Seria a procura do aprimoramento dos sabores algo censurável, próprio a glutões? É certo que não. O aprimoramento traz em si o espírito cristão. A gula é um vício e todo vício derriba o espírito. Subjugado pelo vício, o espírito não mais procura a palatável subtileza e muito menos o requinte. Ora, a culinária na França não cessa de se aprimorar. A propósito, lembro-me de um amigo de infância que não comia manteiga. Como não gostar dessa delícia? Entretanto, certo dia ele comera tanto que, nauseado, nunca mais pôde sentir sequer odor de manteiga. Outro fez o mesmo com o mel. Consumindo-o com intemperança, lambuzou-se de tal modo, que nunca mais pôde degustá-lo. A gula satura e nos leva a voltar as costas aos sabores abusados, até mesmo aos gostos apurados. O requinte à mesa é uma procura de perfeição. E, enquanto tal, reflete o espírito católico.

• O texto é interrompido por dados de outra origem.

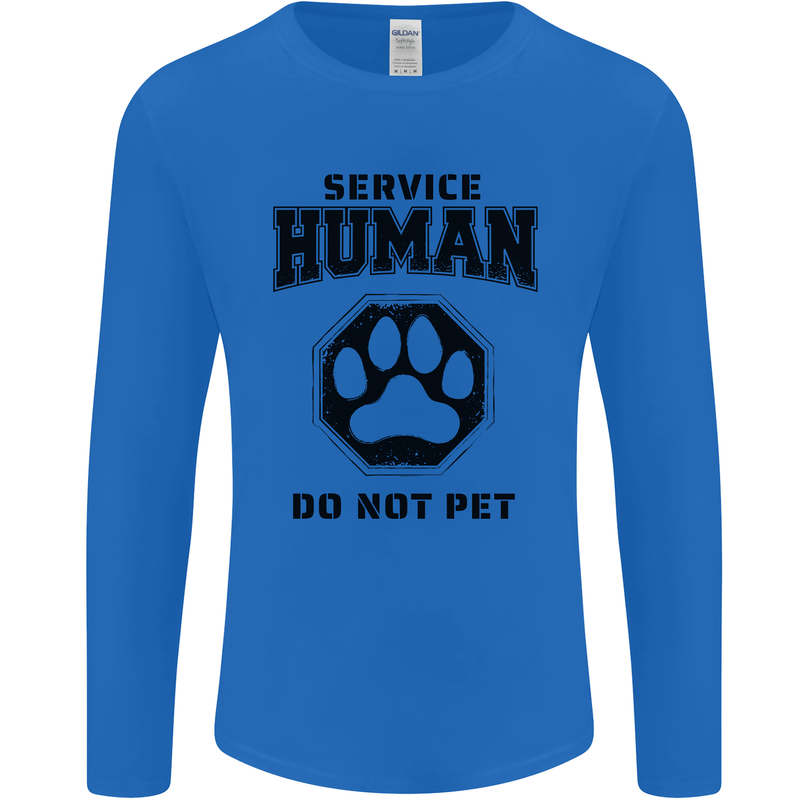 Funny Dog Service Human Do Not Pet Mens Long Sleeve T-Shirt Royal Blue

Meus dois amigos franceses à mesa comentavam o pão, o vinho, e todos os pratos. O trigo naquele ano não estava no apogeu. Abundantes chuvas umedeceram-no demasiadamente, causando uma torção de sabor. Também o vinho… escolhemos uma garrafa de um ano em que o frio veio cedo e os açúcares não se desenvolveram bem. Eu observava que a degustação das delícias era vivificada pelo pensamento. As porções servidas eram reduzidas. O estilo nacional não é tipo farta-brutos. A razão exerce um papel primordial no paladar francês, bem como nos comentários dos comensais. O valor das opiniões dos convivas é meticulosamente transmitido à cozinha. Assim se mantêm fregueses. E se aprimoram os pratos. Terminamos o jantar. Os dois estavam acesos, pareciam mais inteligentes, as ideias jorravam, a vivacidade rutilava. Meu advogado descobrira até mesmo que enfoque a dar a um processo complicado. Meu professor o contestava, um tanto provocador, tirando argumentos do histórico processo de Alfred Dreyfus. Aceso debate.
O descanso de Mozart não me saía da cabeça. Eu via que a mesa comunica aos franceses o fulgor que eles lhe vêm dando através dos séculos.
O filme, “A festa de Babette”, mencionado no final do artigo anterior, mostra uma comunidade protestante na qual os esforços do pastor para conseguir a paz entre seus seguidores eram baldados. Querelas se sucediam a mesquinhas contendas. A caridade só despontou entre eles quando seus humores ásperos foram serenados pelo banquete tipicamente francês preparado por Babette. Seu cuidadoso apuro não era senão dedicação ao próximo. Terminada a refeição, tocados por essa deliciosa expressão de caridade, uns pediam aos outros perdão pelas ofensas, fraudes e traições passadas. Era como uma remissão do passado — uma espécie de confissão. Nunca antes tinham assim aberto seus corações.
(*) Fonte: Revista Catolicismo, Nº 794, fevereiro/2017.